Stragi Usa, Trump condanna odio e suprematismo bianco

05 ago 2019

“Dobbiamo condannare il razzismo con un'unica voce. L'intolleranza e la supremazia e il suprematismo bianco vanno condannati, è un'ideologia che va sconfitta! L'odio non ha posto in America, l'odio distrugge le menti e i cuori e divora l'anima!” Risponde così il Presidente americano Donald Trump alle accuse virali sul web d'esser stato condiscendente alle violenze contro i Latinos. I Dem lo accusano di aver indotto le stragi per le scelte etnicamente divisive cavalcate in tema di immigrazione e per aver istigato all'odio diffuso, strizzando l'occhio ai suprematisti bianchi.

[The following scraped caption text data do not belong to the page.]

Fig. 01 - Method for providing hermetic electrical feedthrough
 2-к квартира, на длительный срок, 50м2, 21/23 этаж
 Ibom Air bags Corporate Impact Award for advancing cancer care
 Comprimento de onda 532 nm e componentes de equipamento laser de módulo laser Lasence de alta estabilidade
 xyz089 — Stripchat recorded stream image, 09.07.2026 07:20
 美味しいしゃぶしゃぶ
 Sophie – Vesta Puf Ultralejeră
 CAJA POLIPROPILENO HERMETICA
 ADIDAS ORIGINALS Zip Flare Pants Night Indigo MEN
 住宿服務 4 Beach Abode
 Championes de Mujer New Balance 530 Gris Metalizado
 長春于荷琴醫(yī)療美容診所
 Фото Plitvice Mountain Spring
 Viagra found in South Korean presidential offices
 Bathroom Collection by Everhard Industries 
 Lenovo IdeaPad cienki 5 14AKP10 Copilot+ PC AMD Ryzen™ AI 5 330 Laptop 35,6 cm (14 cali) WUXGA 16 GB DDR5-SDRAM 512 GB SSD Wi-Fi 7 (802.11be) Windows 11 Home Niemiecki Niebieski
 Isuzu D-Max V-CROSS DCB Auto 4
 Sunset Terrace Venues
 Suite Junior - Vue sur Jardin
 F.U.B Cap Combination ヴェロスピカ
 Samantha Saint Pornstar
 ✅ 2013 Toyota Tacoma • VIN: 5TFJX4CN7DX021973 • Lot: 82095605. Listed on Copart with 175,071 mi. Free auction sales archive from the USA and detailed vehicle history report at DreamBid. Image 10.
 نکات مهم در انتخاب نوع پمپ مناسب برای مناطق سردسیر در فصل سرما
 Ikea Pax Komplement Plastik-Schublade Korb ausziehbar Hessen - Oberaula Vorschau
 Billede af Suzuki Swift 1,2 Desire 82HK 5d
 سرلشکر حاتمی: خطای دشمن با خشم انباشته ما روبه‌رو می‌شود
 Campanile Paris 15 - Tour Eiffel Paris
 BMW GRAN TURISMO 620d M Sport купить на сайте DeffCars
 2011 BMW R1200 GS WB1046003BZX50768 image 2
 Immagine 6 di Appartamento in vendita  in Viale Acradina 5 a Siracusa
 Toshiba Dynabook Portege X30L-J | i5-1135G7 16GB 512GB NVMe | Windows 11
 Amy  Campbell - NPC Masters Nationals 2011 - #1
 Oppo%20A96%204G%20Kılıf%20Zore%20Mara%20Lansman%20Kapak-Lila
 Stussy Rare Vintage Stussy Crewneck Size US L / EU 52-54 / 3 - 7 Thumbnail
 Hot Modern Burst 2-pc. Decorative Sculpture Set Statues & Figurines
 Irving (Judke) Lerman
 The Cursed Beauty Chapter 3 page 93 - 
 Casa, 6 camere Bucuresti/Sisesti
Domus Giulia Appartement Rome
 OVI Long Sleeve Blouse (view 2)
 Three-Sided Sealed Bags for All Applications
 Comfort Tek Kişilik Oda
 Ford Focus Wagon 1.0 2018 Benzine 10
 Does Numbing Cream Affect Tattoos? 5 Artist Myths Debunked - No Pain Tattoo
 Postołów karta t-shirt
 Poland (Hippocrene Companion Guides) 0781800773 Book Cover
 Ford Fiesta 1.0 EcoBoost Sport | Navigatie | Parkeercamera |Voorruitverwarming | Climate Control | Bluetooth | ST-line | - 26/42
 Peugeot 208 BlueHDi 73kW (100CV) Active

Il tycoon non dimentica il Messico, che ha annunciato azioni legali contro gli Stati Uniti per non esser stati capaci di proteggere i cittadini messicani tra le numerose vittime della sparatoria a El Paso. Due sparatorie in 12 ore per mano di due ventenni hanno fatto 29 morti e 53 feriti in Texas e in Ohio. Giovani, maschi, bianchi, nessun precedente penale, legati da follia e odio: questo è l'identikit dei due assalitori entrati in azione, indipendentemente l'uno dall'altro, con armi automatiche. Patrick Crusius, 21 anni, ha sparato sui Latinos in un supermercato a El Paso per preservare la razza bianca e per non subire la progressiva sostituzione etnica di ispanici in America, come racconta il manifesto suprematista a lui connesso. Per gli inquirenti è terrorismo nazionale e il procuratore del Texas ne chiede la pena capitale. I Betts di Bellbrook nell'Ohio sono una famiglia distrutta. Nella sparatoria a Dayton hanno perso il figlio, 24 anni, Connor e la sorella, Megan, insieme al fidanzato nel bar. Connor, studente di psicologia, negli anni del liceo era stato bullizzato, racconta una sua vicina di casa, ma ancora il suo movente non è chiaro. Non c'è dunque connessione diretta tra i due killer, ma El Paso e Dayton incendiano l'opinione pubblica e spingono il Presidente a chiedere unità nazionale: “Democratici e repubblicani lavorino insieme in Senato per una legge sul controllo delle armi e sull'immigrazione.” In 7 mesi, nel 2019, 250 sparatorie di massa hanno ucciso quasi 9 mila persone e dall'inizio della presidenza Trump si registra una crescita nelle violenze e nelle vendite di armi. L'appello di Trump basterà a repubblicani e democratici per contenere il potere dell'NRA a Washington? La National Rifle Association, la potentissima lobby delle armi, ogni anno porta a casa un fatturato da 40 miliardi di dollari ed esercita tutte le influenze di cui è capace sul Senato americano.